As Anna digs deeper, she discovers the history of the Weeping Woman in an effort to defeat her and get back to normal life, saving her kids in the process. Anna seeks help from a local priest, Father Perez (Tony Amendola from “Annabelle” – and practically the only tie to the “Conjuring” universe) who has had history dealing with demonic entities, such as that seen in the Annabelle doll.

As a standalone horror flick, “The Curse of the Weeping Woman” would be your typical teen-scarefest, and if you like a good jump scare then you’re in the right place. Where it fails is adding anything of value to the “Conjuring” universe. Its attempt at linking it back is by referencing a few key things from the franchise, but unfortunately it feels like a late script change to give it a reason to be released theatrically. Ultimately, James Wan producing a film within the “Conjuring” universe without directing reeks a lot like INXS without Michael Hutchence – the beats remain the same but there’s nothing that stands out, it merely goes through the motions of your stock-standard horror flick.

Furthermore, “The Curse of the Weeping Woman” is choc-a-block full of horror cliches – furniture flying across the room, doors opening and slamming shut, spirits suddenly appearing in people’s faces and said people being dragged across the room. Not to mention possession and nearly drowning in the bath. Absolutely nothing about this film is an original concept and that’s where it really fails to be any kind of memorable.

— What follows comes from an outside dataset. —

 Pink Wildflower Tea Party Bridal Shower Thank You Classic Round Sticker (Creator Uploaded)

As the film nears its climax, it becomes unnecessarily complex as they attempt to defeat the corpse bride – or La Llorona as she’s called. As with any possessed house/person flick, things ramp up very quickly, but the elements involved with facing the spirit head-on are largely complicated, to a degree that just leaves audiences scratching their heads. As a result, the film goes from mildly frightening to just plain boring, as we wait for the end. Referring to the aforementioned clichés, the back third of “Weeping Woman” throws them all into a single scene – which is why it gets so weirdly complicated.

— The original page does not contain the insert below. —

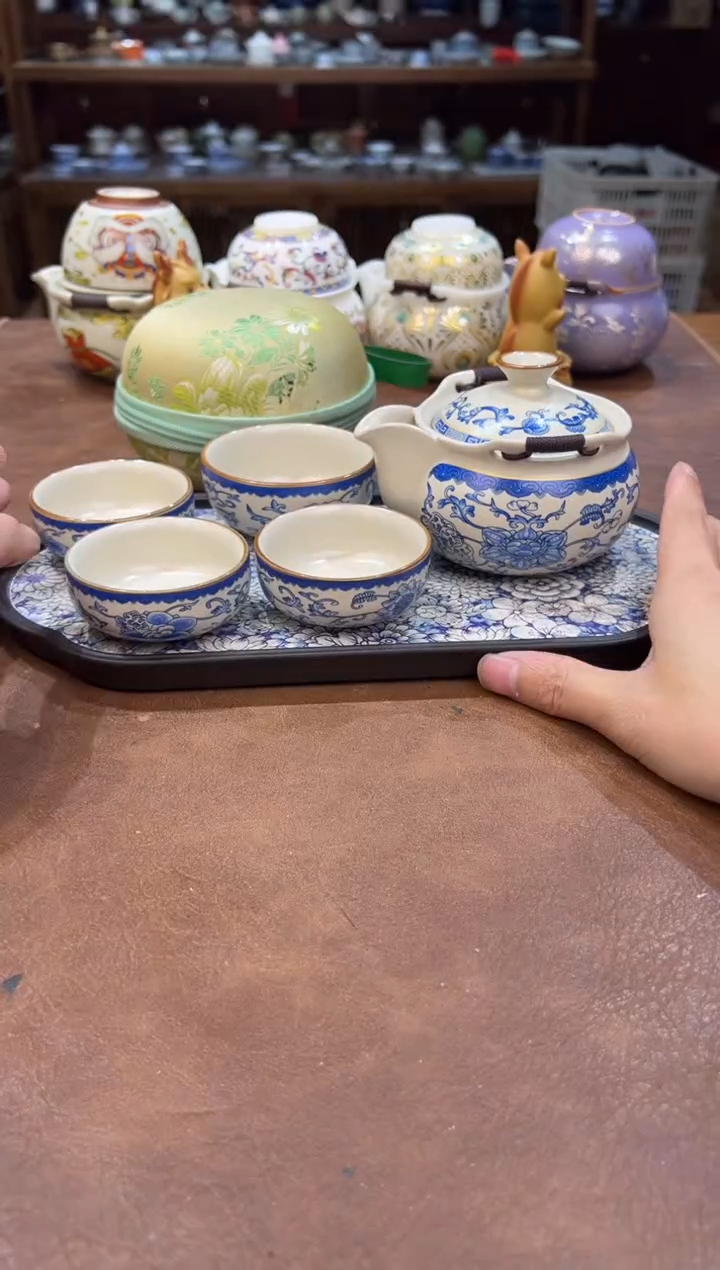 真的很便宜会开片的旅行茶具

Michael Chaves directs “Weeping Woman”, and in terms of directing style definitely has a unique take. A lot of the frights come from first-person camera view, engaging the audience as if they too were living this nightmare. Chaves is also set to direct “The Conjuring 3”, due out in 2020, so it will be interesting to see how he ties the film in to both this one and the rest of the “Conjuring” franchise.

Look, overall “The Curse of the Weeping Woman” isn’t great. It’s a weird film to shove into “Conjuring” folklore, when it probably would be more successful as a straight-to-VOD teen horror for those looking for just another mindless demonic possession film.